インプロカンパニーPlatformは、日本のインプロ専門の劇団である。
以下、Platformとのみ記載する。
概要
「即興役者と台本役者の化学反応」、「次世代にインプロ文化をつなぐ」をコンセプトに、2010年9月に結成。以来、東京を中心に活動。
劇団の主宰を務める住吉美紅が、Platform結成前に考案したコンセプトインプロと呼ばれる演劇手法での公演が特徴。コンセプトインプロについては#コンセプトインプロを参照。
第8 回ルナティック演劇祭で「ままごとの次第。」を再演し、審査員特別賞を受賞。
「演劇ぶっく」2015年12 月号「演劇は自由」特集に、「その探偵の名、」に関するインタビューが掲載。
2019年に開催された、第一回 at THEATRE演劇祭にて「せつな」を上演し、グランプリ受賞。

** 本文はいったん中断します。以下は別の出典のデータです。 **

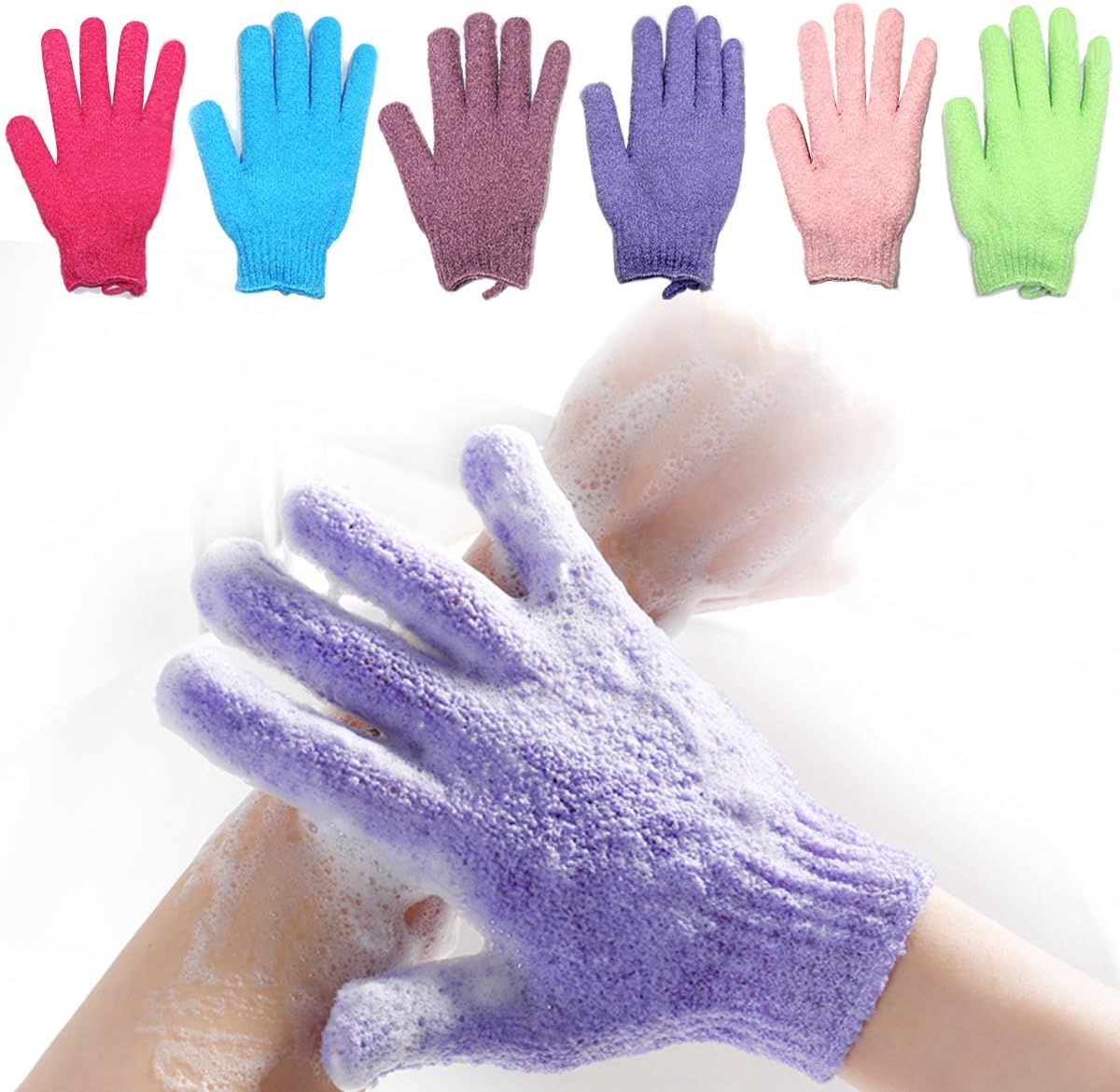 Bath Exfoliating Gloves Nylon Shower Gloves, Bath Scrubber bath body brush, Body Spa Massage Dead Skin Cell Remover Valentine's Gifts for Women Men 6 Pair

2020年1月22日より、観客動員数日本一のインプロ団体を自称している。
所有する権利
日本において、コンセプトインプロはPlatformの商標として登録されている。Platformは商標登録の目的について、将来コンセプトインプロが一般的で広く認知された際に、他者からブランドやアイデンティティを保護することと説明しており、当該商標を協議の上で使用することができることも公表している。

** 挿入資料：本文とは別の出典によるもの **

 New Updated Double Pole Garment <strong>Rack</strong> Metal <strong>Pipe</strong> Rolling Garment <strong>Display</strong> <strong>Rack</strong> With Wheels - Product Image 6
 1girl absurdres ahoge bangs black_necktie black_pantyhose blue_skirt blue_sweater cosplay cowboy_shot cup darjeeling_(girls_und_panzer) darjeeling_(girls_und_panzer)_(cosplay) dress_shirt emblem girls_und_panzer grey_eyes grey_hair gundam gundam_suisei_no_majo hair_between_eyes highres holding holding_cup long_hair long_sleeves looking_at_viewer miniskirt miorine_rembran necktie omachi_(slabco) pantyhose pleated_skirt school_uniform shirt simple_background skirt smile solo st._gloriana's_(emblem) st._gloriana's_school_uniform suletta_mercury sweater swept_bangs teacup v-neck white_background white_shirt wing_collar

また、Platformは国際シアタースポーツ協会の発行するシアタースポーツライセンスを2013年に取得している。
コンセプトインプロ
コンセプトインプロは、Platformおよび一部の日本の劇団で手法として用いられている即興演劇の手法。Platformではコンセプトインプロの簡易的な説明として、多くの場面で「2割台本、8割即興」と表現している。
通常、インプロでは全てのシーンを即興で作り上げるため、台本は存在しないが、コンセプトインプロでは台本および演出が存在し、世界観や物語の進行について一定の枠組み(コンセプト)が固定される。
役作り
コンセプトインプロにおいて、通常、主要キャストには固定の役名がつくため、通常のインプロと異なり稽古期間中に役作りが行われる。一方で、役作りの過程でインプロの手法を用いることがあるなど、制作過程においてもインプロ部分とコンセプト部分が併用される。
アンサンブルキャスト
一般的なインプロにおいては、プレイヤーに対して固定の役が用意されないため、インプロシーンの進行に応じてプレイヤーの役回りが変わっていくことも多い。(たとえば、シーンの序盤で演じた人物と、中盤で演じる人物が異なることは多くみられる。)
一方、コンセプトインプロにおいて、多くのキャストは固定の役に応じた衣装を身に着けており、また構成にも固定部分があることから、そのような臨機応変な役回りの変更が困難であることも多い。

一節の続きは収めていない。